Addressing the opening of the 70th Caribbean Public Health Agency (CARPHA) Annual Health Research Conference at the Arthur Chung Conference Centre (ACCC) on Wednesday, President Ali said the region is rich in innovative health ideas but held back by weak regulation, financing gaps, workforce shortages and low trust in institutions.

The three-day conference, themed “Innovations in Health,” marks 70 years since CARPHA’s flagship research gathering was held in 1956. It is the longest health research conference in the English-speaking Caribbean.

President Ali said that in today’s world, health innovation depends less on laboratories and more on the strength of health ministries, procurement systems, rural clinics and community settings, and urged governments to invest in these foundations so that research and new technologies can be scaled into population‑wide programmes.
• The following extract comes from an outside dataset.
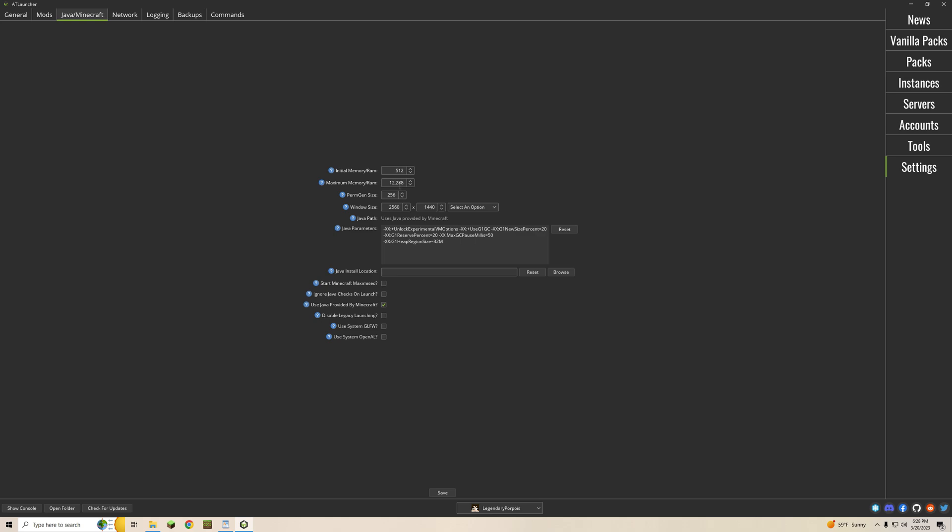However you do need to change the maximum memory in an increment of 1024. 1024 is equal to 1 gig of ram so multiply that number by however much you want to dedicate. For my instance I've dedicated 12 gigs of ram just to make sure everything runs smoothly but if you only have 16 gigs of ram you're going to want to keep it down to 8 gigs. Of course you can select your window size. I run in 1440p.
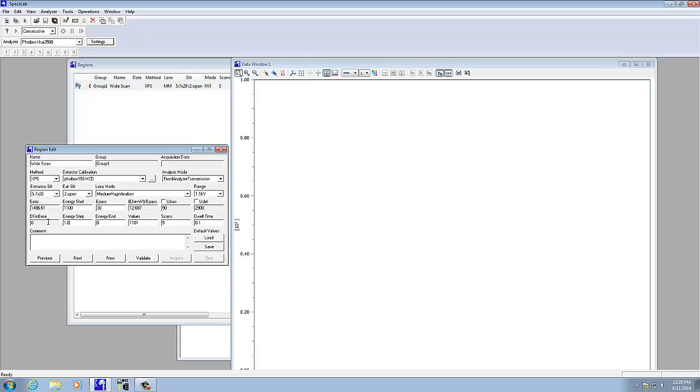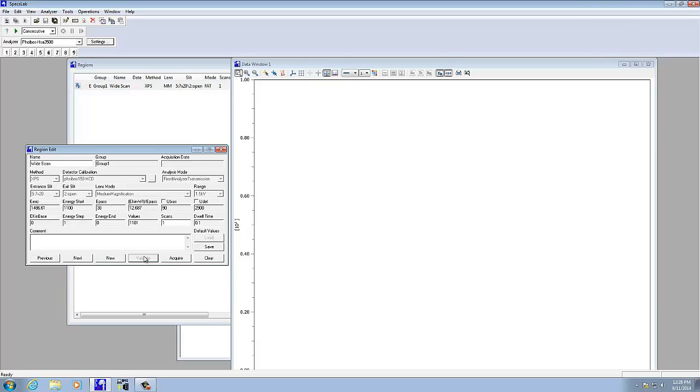For a wide scan, 1 EV or 2 EV is fine. If instead you're doing a narrower scan, you'd probably want to set that to 0.1 or 0.2 EV. I'm going to do a single scan here. We can always add more to it later. After all that information is entered, then you have to hit the Validate button. That just makes sure everything's okay, and everything stayed the same, 1,100 to 0 EV.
“We should be sharing, building common platforms, building common systems. That is what we should be doing as a region,” the president said.

He called on the conference to produce a document for heads of government outlining how the Caribbean can become a recognised pilot site for new health technologies and research.

“With the political will, we can fix this in a day. The models are all there. We can gather all of the best lawyers in the region, parliamentary councils, and match them with regulators and come up with one master legislation that the region can implement as a whole.”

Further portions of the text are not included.